Czy w 2012 roku będziemy jeździć nowoczesnymi autostradami, ale utkniemy na dziurawych drogach lokalnych? Wszystko wskazuje na to, że tak właśnie będzie. Rząd, przygotowując narodowy program budowy dróg, zapomniał o finansowaniu gminnej i powiatowej sieci drogowej.
Realizacja programu w latach 2007-2012 będzie kosztowała 121 mld zł. Głównie są to środki na budowę 1,6 tys. km autostrad i 58 obwodnic, stworzenie sieci ponad 2,2 tys. km dróg ekspresowych oraz wzmocnienie nośności dróg krajowych. Na drogi zarządzane przez ubogie samorządy gmin i powiatów przewidziano środki w regionalnych programach operacyjnych. Problem polega na tym, że sieć tych dróg obejmuje ponad 377 tys. km, a pieniądze z UE to kropla w morzu potrzeb.

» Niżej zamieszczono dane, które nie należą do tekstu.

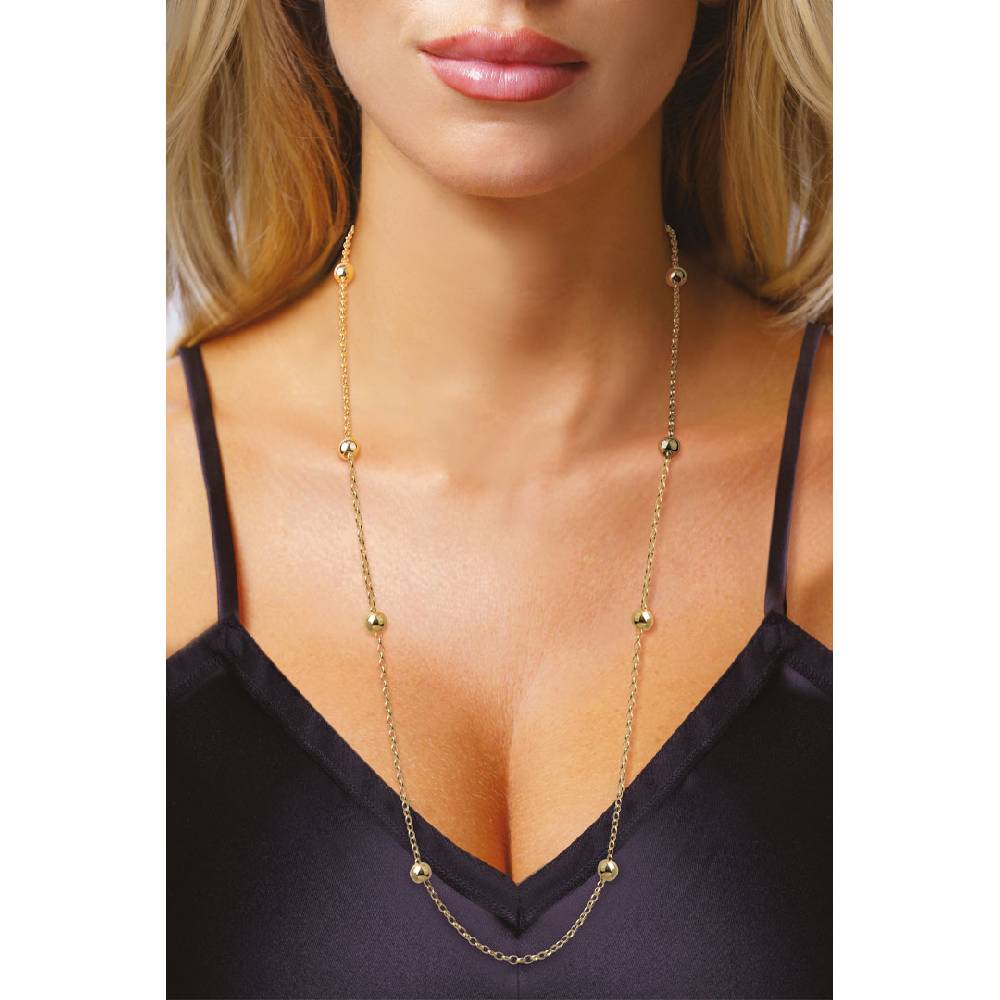 Opsobjects MARGARET collana lunga oro giallo con sfere Vendita Economica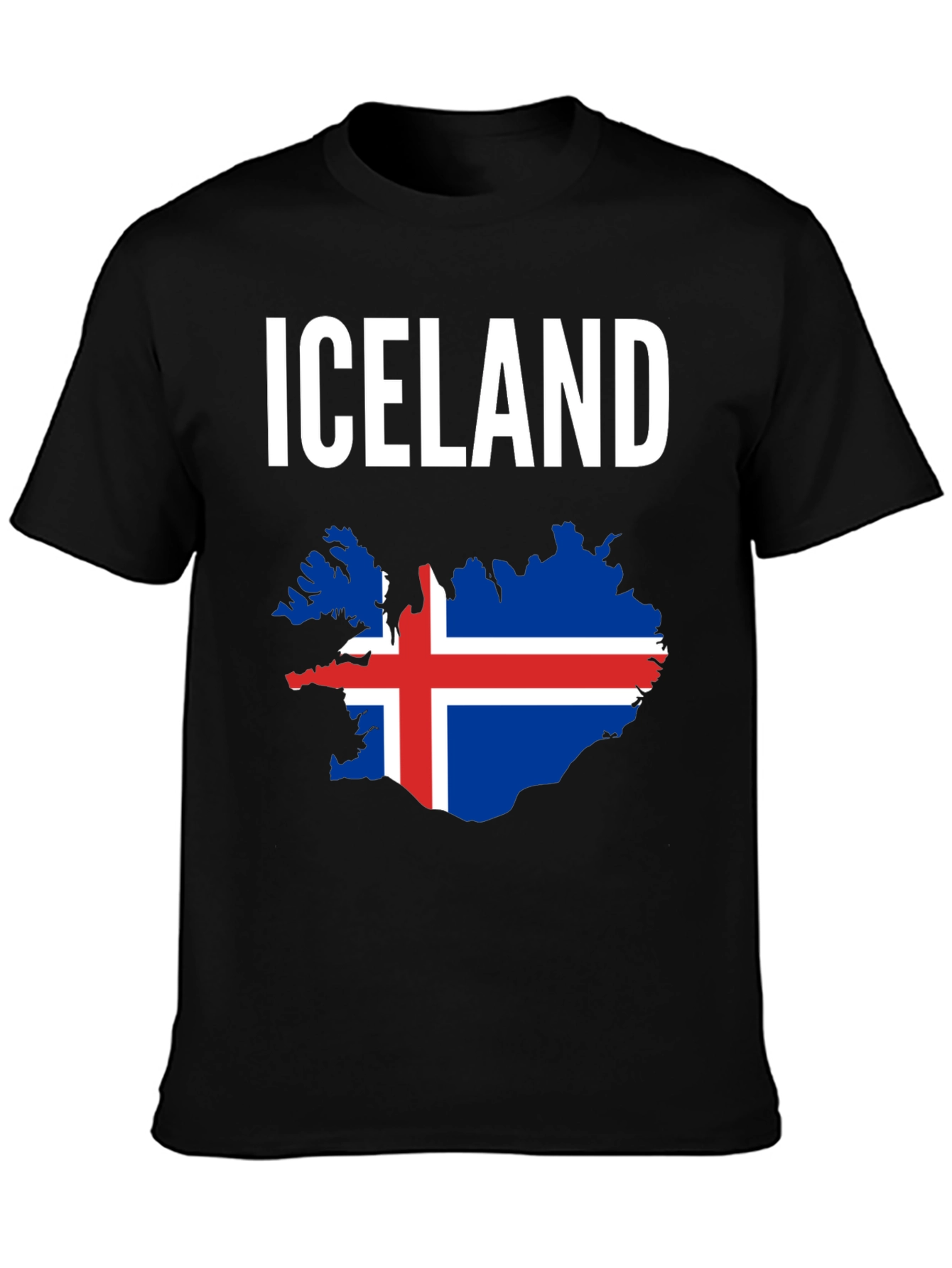 Iceland Flag Map T-Shirt - National Pride Tee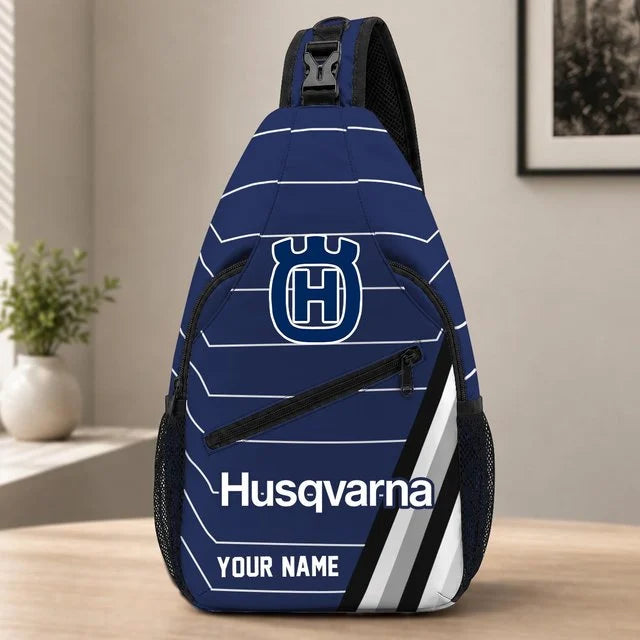 Husqvarna Motorcycles Sling Bag – Custom Name Crossbody Bag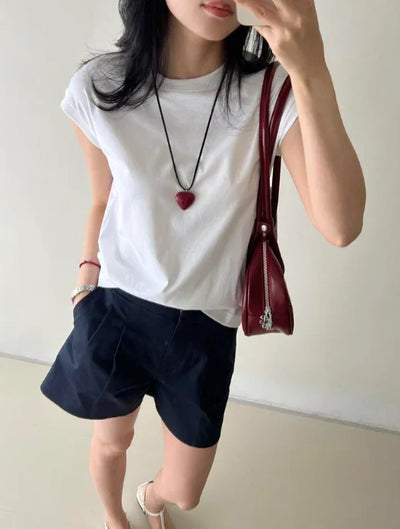 TOP 12 A new casual sleeveless vest top Tracymade 4（S） white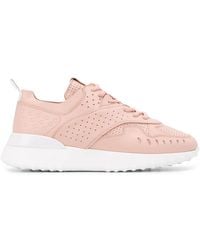Tod's - Perforated Detail Low Top Sneakers - Lyst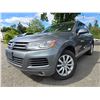 Image 1 : DUNCAN - 2014 VOLKSWAGEN TOUAREG GRAY 125132 KMS - D005812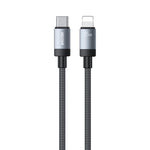 WK WDC-99 Kingkong Ruikeシリーズ 35W USB-C / Type-C から 8ピン 編組充電データケーブル, 長さ: 1m, Type-C から 8ピン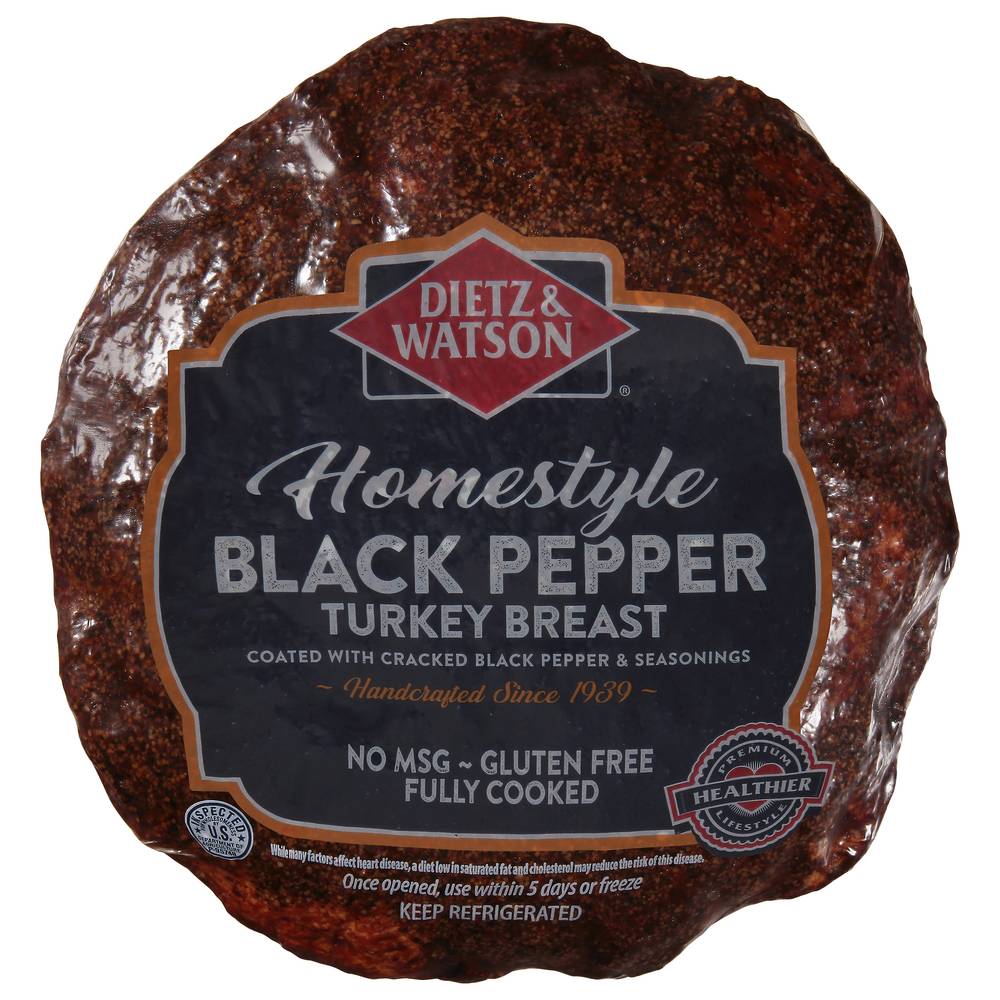 Dietz & Watson Homestyle Black Pepper Turkey Breast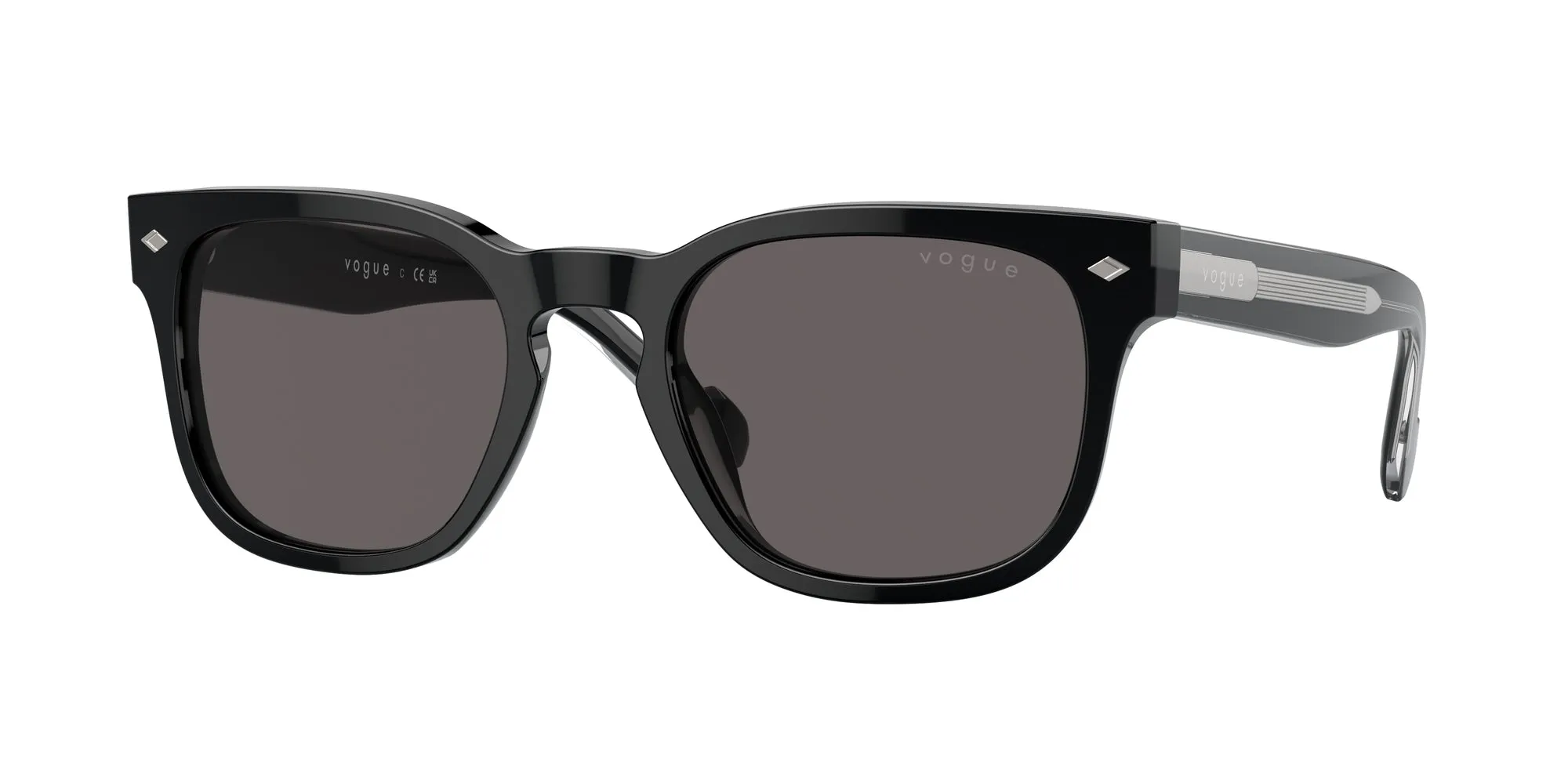 VOGUE EYEWEAR VO5571S W44/87 Occhiali da sole Acetato Nero Grigio Squadrata Normale - immagine 1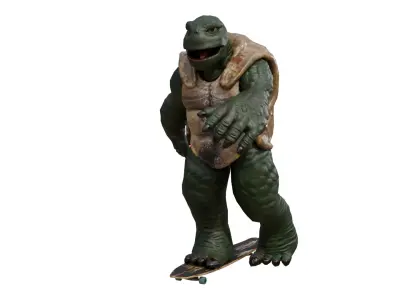 Turtle Boy Low-poly 3D model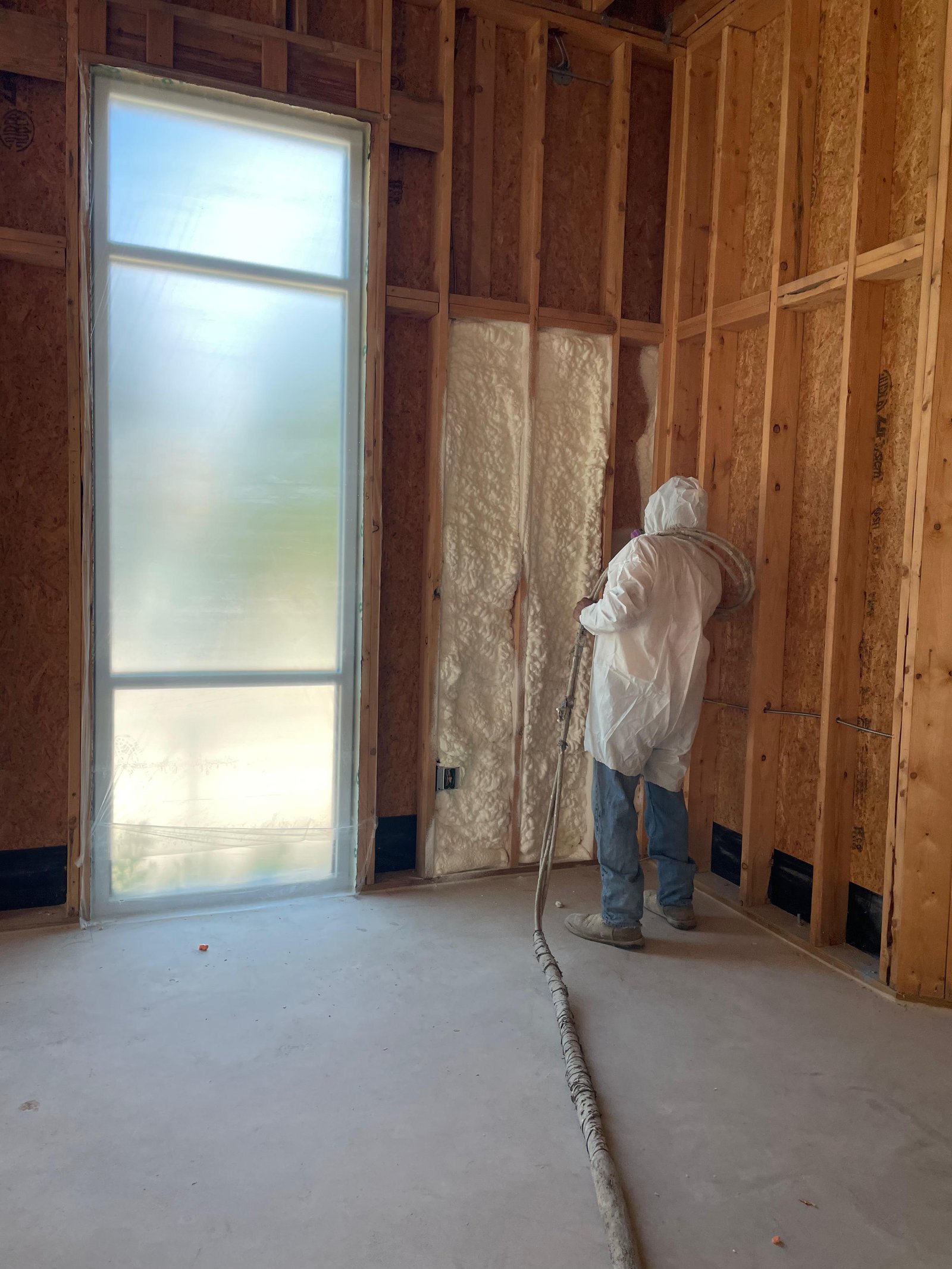 Crawl space encapsulation with vapor barrier installed in San Antonio home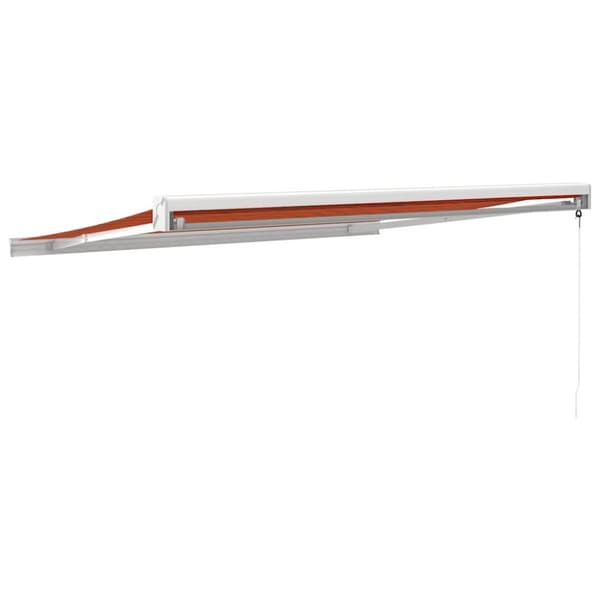 vidaXL Markis infällbar orange och brun 3x2,5 m tyg&aluminium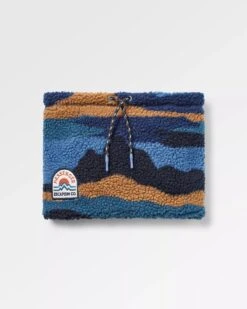 Mulled Recycled Sherpa Fleece Snood - Scenic Navy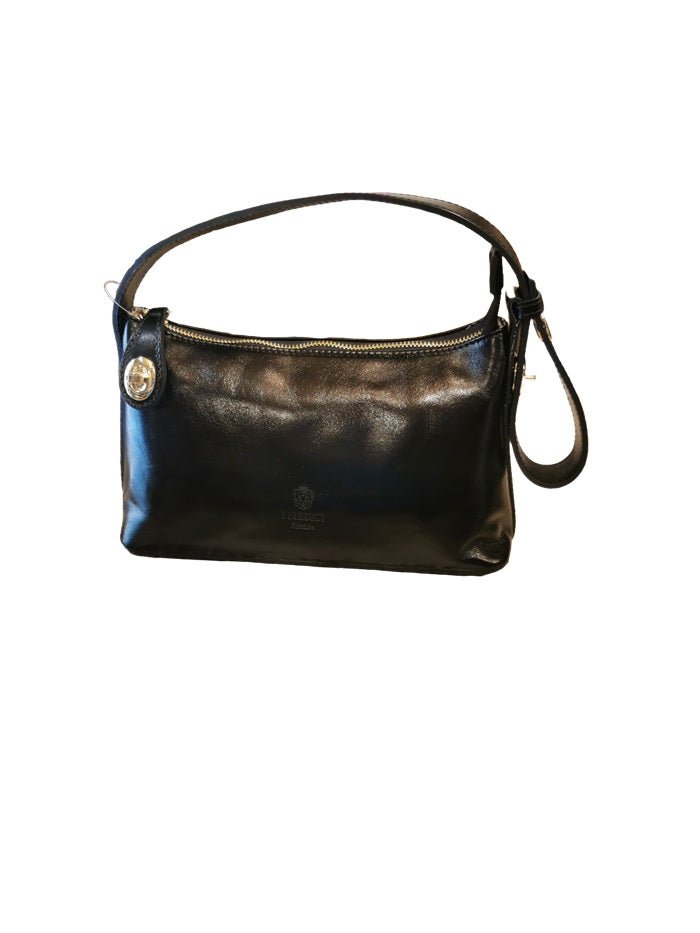 Borsa in pelle I Medici 63/1480 Nero - Pelletteria Allegrini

- Samorządy mają za mało środków na utrzymanie i rewitalizację dróg - uważa Grzegorz Stech, dyrektor Zarządu Dróg Wojewódzkich z Krakowa. Jego zdaniem, nawet pieniądze z regionalnych programów operacyjnych w 40 proc. są przeznaczone na projekty zgodne ze strategią lizbońską. Nie zalicza się do nich infrastruktury drogowej. - GDDKiA nie przewiduje budowy połączeń między głównymi węzłami komunikacyjnymi a istniejącą siecią dróg. Nie zarezerwowano również pieniędzy na odszkodowania za drogi zniszczone przy dowozie ciężkiego sprzętu i materiałów potrzebnych przy budowie autostrad - mówi Stech. Problem jest poważny, bo podczas niedawnej przebudowy krótkiego odcinka Zakopianki zniszczono około 150 km dróg lokalnych.
- Budując drogi ekspresowe i autostrady, realizujemy węzły, które stanowią powiązania z istniejącą siecią dróg. Resztą powinny się zająć samorządy - mówi Zbigniew Kotlarek, dyrektor GDDKiA. Jego zdaniem, na szczeblu lokalnym brakuje zarówno organizacji, jak i pieniędzy. Stąd też oczekiwania, że w ramach finansowania głównych korytarzy transportowych zostaną przewidziane środki na realizację dróg dojazdowych. - Powstaje pytanie, w jakiej skali i w jakim zakresie zarządcy dróg krajowych są odpowiedzialni za ten proces? Niestety, każdy musi robić swoje. Nie możemy się podjąć budowy sieci dróg lokalnych, bo nie mamy takich uprawnień ani możliwości - dodaje Kotlarek.